Understanding Order Types
When you place a trade, you need to tell your broker how to execute it. The order type determines the price and conditions under which your trade gets filled.
Market Order
Speed: Instant
Price Control: None
Buys or sells immediately at the best available price. Best when you need to enter or exit quickly.
Limit Order
Speed: Not guaranteed
Price Control: Full
Executes only at your specified price or better. IntelliTrade uses limit orders for most entries.
Stop Order
Speed: When triggered
Price Control: None after trigger
Becomes a market order when a price is reached. Used to limit losses automatically.
Stop-Limit Order
Speed: When triggered
Price Control: Full after trigger
Combines stop + limit. More price control but may not fill in fast markets.
Reading Price Charts
Price charts are the primary tool for understanding what a market is doing. The most common chart type is the candlestick chart, which shows four data points per time period:
Anatomy of a candlestick: the body shows open-to-close range, wicks show the high and low extremes.
A Bullish candle means the close was higher than the open — price went up. A Bearish candle means the close was lower than the open — price went down.
Timeframes
Charts can display data in different timeframes: 1-minute, 5-minute, 15-minute, hourly, daily, and more. IntelliTrade primarily uses 5-minute charts for intraday analysis and trade generation.
Volume
Volume shows how many shares or contracts were traded during each period. High volume on a price move suggests conviction; low volume may suggest the move is weak.
Risk Management Fundamentals
Risk management is arguably the most important skill in trading. Even the best strategy will fail if you risk too much on any single trade.

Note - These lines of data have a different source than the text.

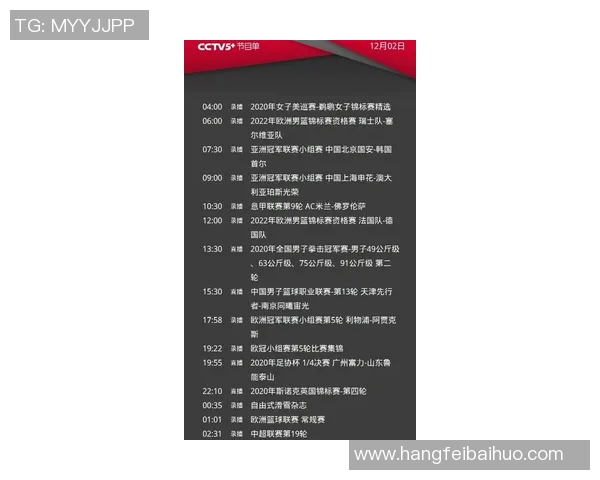 CBA南京对阵广州精彩赛事分析与胜负推荐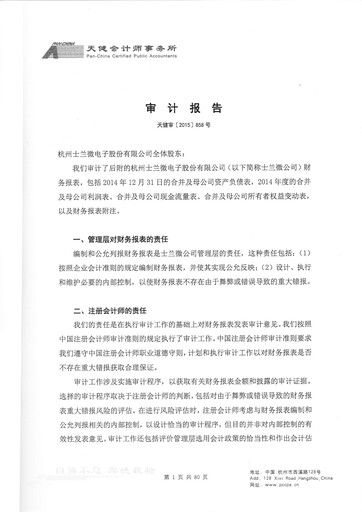 Thumbnail Silan Microelectronics Financial Statement 2014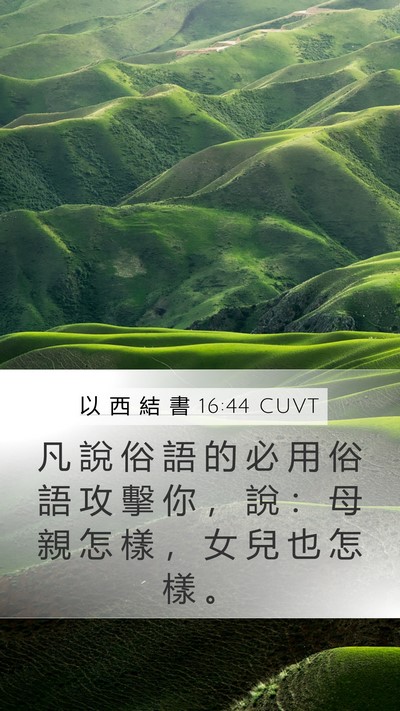 以 西 結 書 16:44 CUVT Bible Verse Image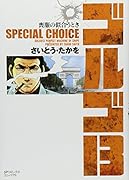 ゴルゴ13 SPECIAL CHOICE喪服の似合うとき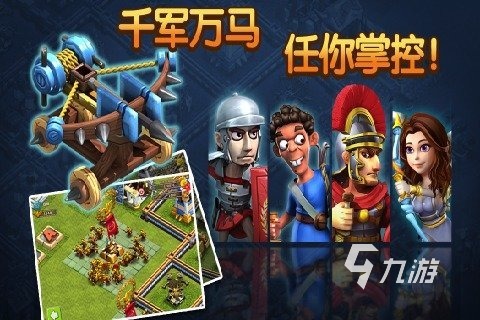 2024高人气帝国时代单机游戏排行下载 热门的单机帝国时代手游分享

How to Manage Risk on Every Trade
Size Your Position
Never risk more than 1-2% of your account on one trade. $50K account = $500–$1,000 max risk per trade.
Check Risk-Reward
Aim for at least 2:1 reward-to-risk. IntelliTrade calculates Return on Risk (ROR) for every trade idea automatically.
Set a Stop Loss
Define your max loss before entering. IntelliTrade's exit manager automates trailing stops, breakeven protection, and time-based exits.
Execute with Discipline
Stick to your plan. Automated systems remove emotion from exit decisions — no second-guessing allowed.
Diversification
Don't put all your eggs in one basket. Spread your risk across different strategies, instruments, and timeframes. IntelliTrade offers both options and futures trading to provide diversification across asset types. Before risking real capital, consider practicing with a paper trading account to build confidence.
Key Terms Glossary
- Bid
- The highest price a buyer is willing to pay for a security.
- Ask (Offer)
- The lowest price a seller is willing to accept for a security.
- Spread
- The difference between the bid and ask price. A tighter spread means more liquidity and lower trading costs.
- Liquidity
- How easily an asset can be bought or sold without significantly affecting its price. High-volume assets like SPX options are very liquid.
- Volatility
- A measure of how much and how quickly prices change. Higher volatility means bigger price swings — more risk and more opportunity.
- VIX
- The "Fear Index" — measures expected volatility over the next 30 days. High VIX (above 25) means the market expects big moves.
- P&L (Profit and Loss)
- The difference between what you paid and what you received. Positive P&L = profit. Negative P&L = loss.
- Long
- Buying an asset with the expectation that its price will rise. "Going long" means you profit when prices go up.
- Short
- Selling an asset you don't own (borrowing it) with the expectation that its price will fall. You profit when prices go down.
- Fill
- When your order is executed by the broker. A "filled" order means the trade has been completed.
- Slippage
- The difference between the expected price and the actual execution price, usually during volatile conditions.
- Expected Value (EV)
- The average outcome of a trade strategy over many repetitions. Positive EV means the strategy is profitable over time.